Can I work with a private Github repository and make it public only after submission?
You may work with a private repository as you build your solution. However, at the time of submission, it must be publicly accessible for ease of evaluation.
What computer languages can I use for my solution?
Python is preferred. However, you may use other languages as long as your submission allows the evaluator to run your code. This should be accompanied by a detailed readme file to facilitate the evaluation.
Can I use open source code?
Open source code can be used to enhance your submission. However, you will need to develop your own unique solution to this challenge.
Are there sample submission files?
There are no sample submission files for any challenge.
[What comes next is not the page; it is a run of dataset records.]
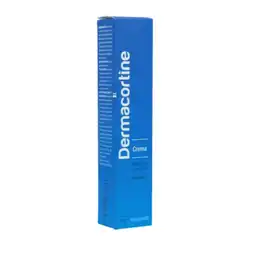 Dermacortine Mometasona Furoato 0,1% Crema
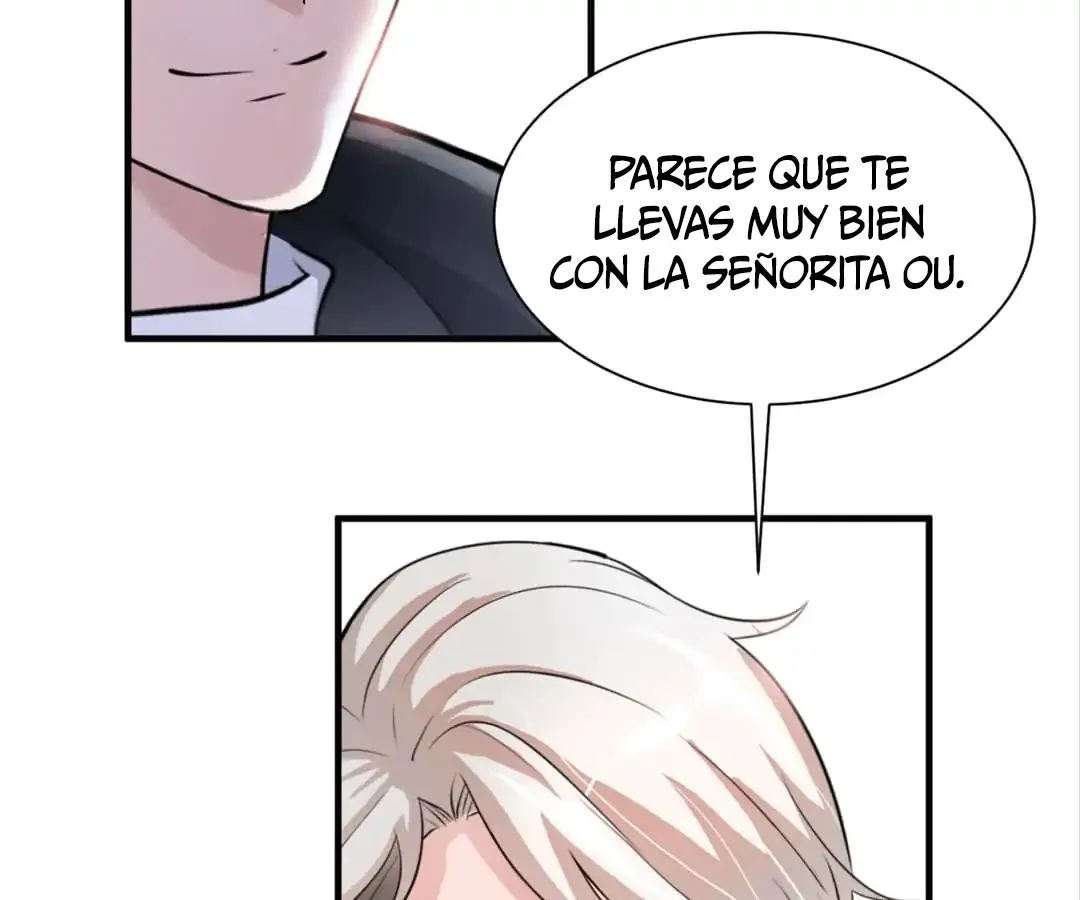 Esposa sustituta Capítulo 20 en Línea - página 29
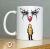 Caneca It a Coisa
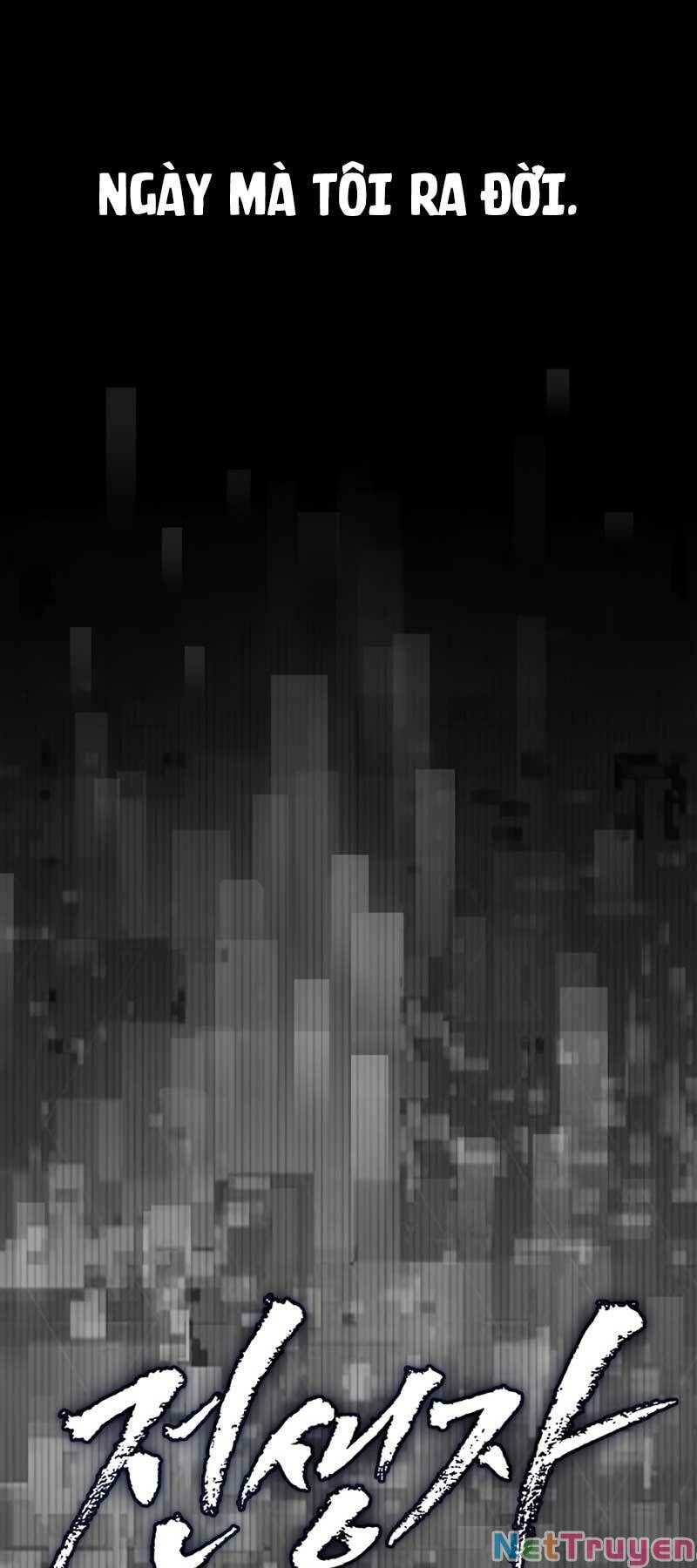 đọc truyện Hồi Quy Giả Chương 1 ảnh 17 tại Thiên Thai Truyện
Is there a minimum AUC score for our solution?
There is no minimum AUC score.
There are "missing data points" in the Traffic Management dataset. What do I do?
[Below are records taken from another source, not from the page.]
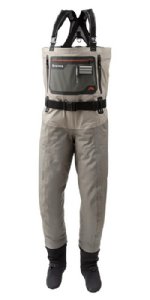 Simms G4 Pro Wader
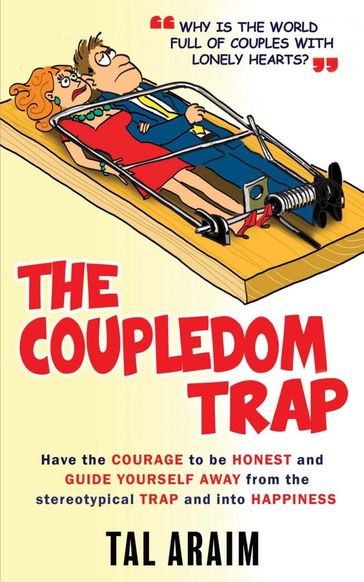 The Coupledom Trap - Tal Araim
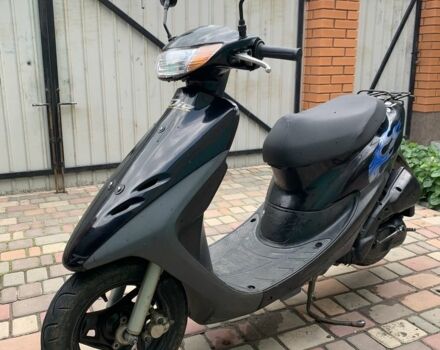 Хонда Другая, объемом двигателя 0 л и пробегом 0 тыс. км за 262 $, фото 1 на Automoto.ua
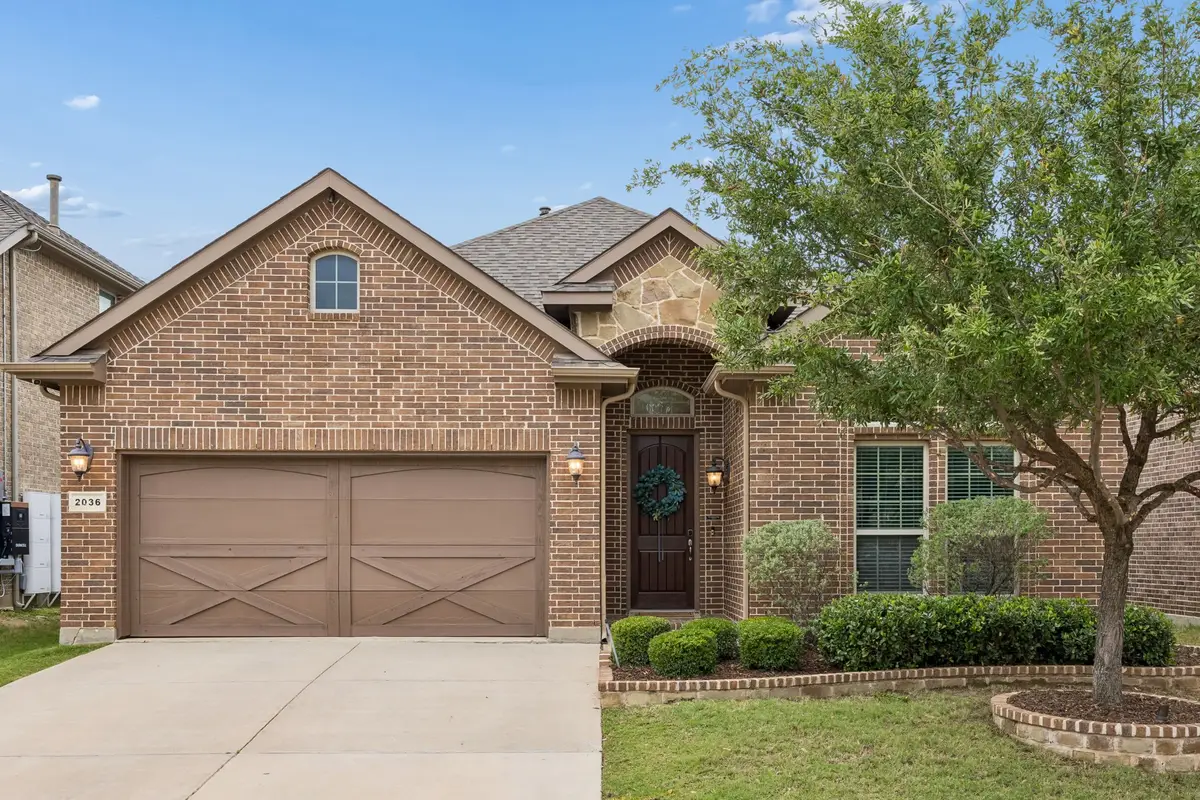 2036 Milano Lane, Lewisville, TX 75077 - #1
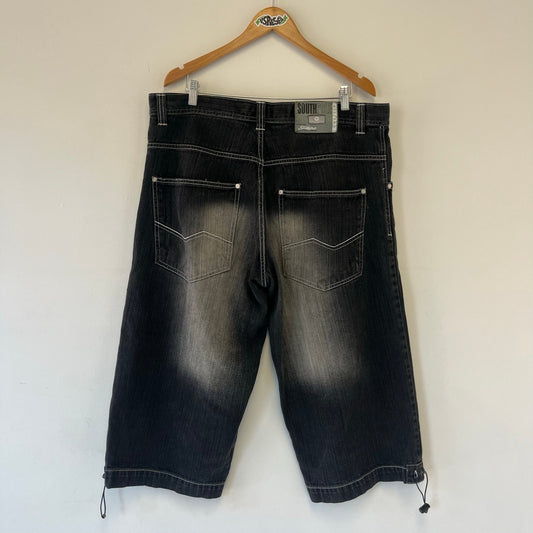 South Pole Baggy Shorts 38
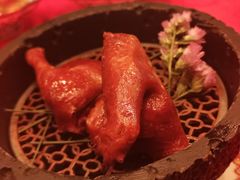 -白家大院·王府宫廷菜(苏州街店)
Participants can assume the “missing data points” in the Traffic Management dataset essentially indicates zero aggregated demand over those geohash - time bucket pairs.
What does the field "day" in the Traffic Management dataset refer to?
The value in this field indicates the sequential order of days and not a particular day of the month.
What time period does the Traffic Management test dataset run from?
The test dataset can start from any time period after the 2 months of training data. Your model can use features of up to 14 consecutive days ending at timestamp T and predict T+1 to T+5.
Clarifications on geohash data in the Traffic Management dataset.
The current geohash dataset is correct due to it being anonymised (it may not be on an existing city), but you may assume that adjacency is maintained between the geohashes.
Clarifications on geohash library.
Geohash is a public domain geocoding system which encodes a geographic location into a short string of letters and digits with arbitrary precision. You are free to use any geohash library to encode/decode the geohashes into latitude and longitude or vice versa. Some examples include Github (for Python) and Github (for Java).
Can we use both the training and labeled testing data to train our model?
Please use the published test set for reporting your accuracy. We will inspect your training code and model to ensure only the training data is used for training. We are using an internal/unpublished hold-out test set to assess submitted models as well.
Can we use external datasets?
External data is allowed to complement the offered data. However, do note that data sets provided on the challenge website should also be used in your submission. Effective used of datasets is also considered in your evaluation. Finally, please note that participants will be responsible for the proper procurement and use of external datasets.
There are some bookings with multiple labels in the dataset. What should I do?
Please conduct the necessary data cleansing.
Why are there are more entries in the telematics dataset than the label?
Dangerous driving is labelled per trip, while each trip could contain thousands of telematics data points. Participants are required to create features based on the telematics data.
What does the field "second" in the safety dataset mean?
It refers to the time that the record was created. It is measured by the number of seconds from the start of the trip (beginning from 0).
How are the telematics data generated?
The telematics data is generated from a four-wheel driver's smartphone.
What is the format of the test dataset?
The test data has the same field and distribution as the training data provided.